**EXERCISE DIRECTIONS**
Reproduce the section of the listing that begins at the line containing "Bulla Babies 85" and finishes at the line containing "Шерстяные пинетки WOOL". Include both end lines and nothing beyond them.

**MATERIAL FOR THE TASK**
== == ==

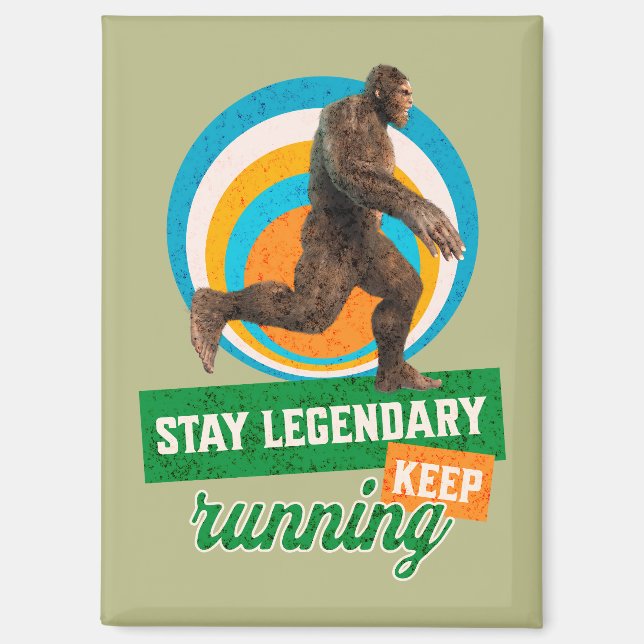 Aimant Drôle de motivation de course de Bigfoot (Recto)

== == ==

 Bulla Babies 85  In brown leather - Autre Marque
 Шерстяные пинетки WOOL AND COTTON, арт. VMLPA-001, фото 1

== == ==

**WRITTEN SOLUTION**
 Bulla Babies 85  In brown leather - Autre Marque
 Шерстяные пинетки WOOL AND COTTON, арт. VMLPA-001, фото 1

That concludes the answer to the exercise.